On Mondays, their day off, Matt and Thena try to get to their rock climbing gym in Poughkeepsie. But often as not they’ll also swing by the studio to do some prep work for the upcoming week. People tell them it’s important to take time for themselves, and they don’t disagree. They hope to get to that eventually. But for right now, it just feels right to keep their foot on the gas.

“The second we stop, people are all running the same race and the second you slow down...” said Matt, trailing off. “I just feel like we have to keep our momentum going.”

Trust issues

Ash Hopper’s aggressive commitment to the environment has earned them a following that skews younger – and more skeptical. It’s a crowd that doesn’t mind paying an extra dollar for a fully compostable box made of FSC-certified paper, but won’t tolerate B.S. They appreciate when Matt tells them: “You guys are too smart to fall for the beard oil thing.” Men’s skin care has ballooned into a billion-dollar industry, a balloon that Matt has no qualms about popping. Beard oil, beauty oil, cuticle oil – it’s all the same stuff, and the whole family can share it.

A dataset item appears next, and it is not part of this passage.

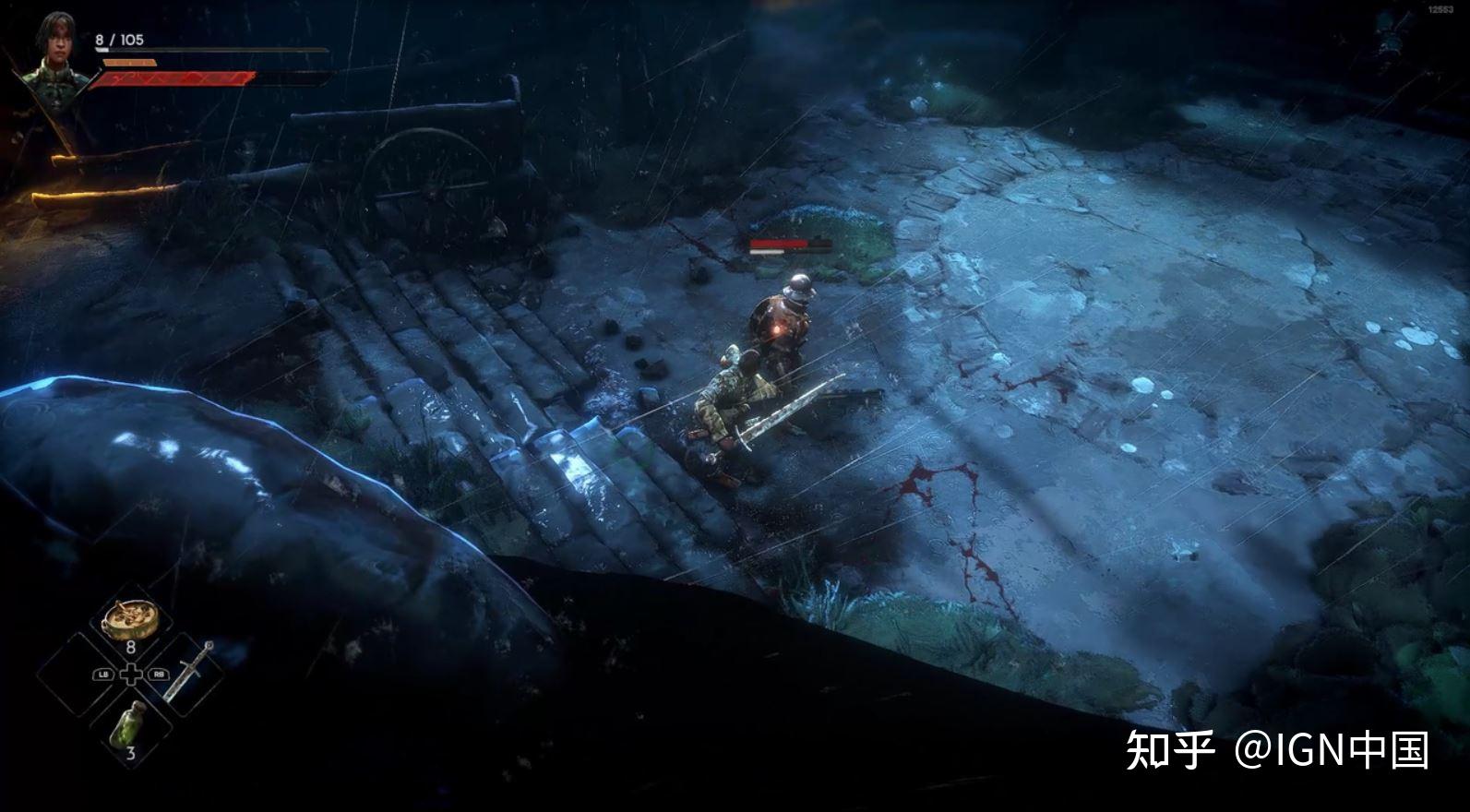 ign《恶意不息》抢先体验版评测:7 分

“I know this generation behind us has big trust issues with large companies, and they really enjoy, you know, when they get to talk to a business owner,” said Matt. “When someone buys something from us at the farmer’s market, my closing statement is always, ‘Thank you for your trust.’ Because that’s what this is. You’re buying skincare from a stranger at a farmer’s market, you’re putting it on your skin and you’re bringing it home to your family. That’s huge in my book.”

To earn that trust, Matt stands ready to do a lot of talking – a skill he developed as an MRI tech, he says, to help nervous patients feel more comfortable. “Education is probably our biggest task, getting people to understand what we do and how we’re different,” he said.

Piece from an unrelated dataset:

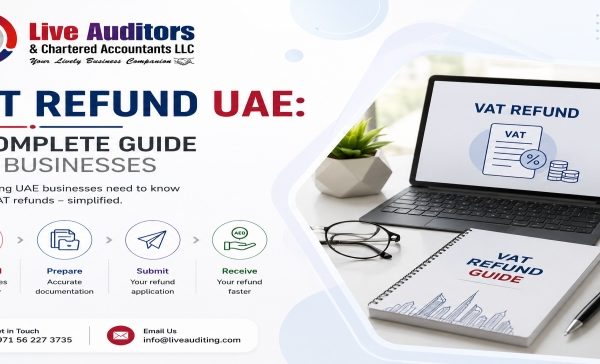 VAT Refund UAE A Complete Guide for Businesses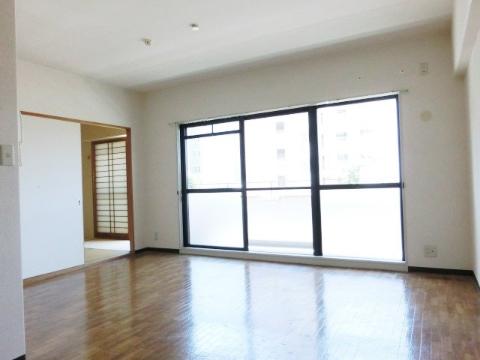 　居室・リビング　リビング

Starting at $10 a bar, Ash Hopper soap is exponentially pricier than a bar of Dove or Dial. It also lasts about three times as long, said Matt, and contains no fillers or nebulous ingredient called “fragrance.”

“It’s expensive because the ingredients are expensive,” said Matt.

The big point Matt tries to get across, as diplomatically as possible, is that not all handmade soaps are created equal. In fact, it’s a bit of a pet peeve. Ash Hopper often doesn’t get into farmers markets because their category is filled, but it might be by a part-time hobbyist who uses cheap synthetics with a loose hand.

“Usually when a market tells us sorry we have someone, it’s usually a neon soap, something wrapped in plastic, something that’s laden with synthetic micas and fragrance oils,” Matt said.

The Donnellys go to great lengths to source table-worthy ingredients and to procure them from small family farms, locally whenever possible. “Just as you make best sandwiches from fresh tomatoes grown right down the road,” said Matt, the best skincare comes from fresh ingredients, picked recently, ideally nearby. They buy turmeric and ginger from Madura Farm in Goshen, hemp from Black Dirt CBD and lavender buds from Lavenwood Farms in Washingtonville.

“Many people – the same ones who clamor for organic farmers market produce – have no idea that there are chemicals banned in Europe that are used in everyday products here,” said Matt. “You are very passionate about your food not being sprayed, but then you go soak in a bath of chemicals.” The vast majority of customers who migrate to their farmers market stall report having some sort of skin issue or sensitivity, said Matt, but few think to question the prime suspect sitting in the soap dish.

“No one’s afraid of these chemicals,” Matt clarified. “It’s just a conscious choice: ‘I just want to live a little cleaner, it’s so complicated out there, what’s an easy way to do it?’ That’s all we want to try to do is get people excited about using cleaner products, and not let it be a thing reserved for someone who has money. We want everybody to get a piece of it.”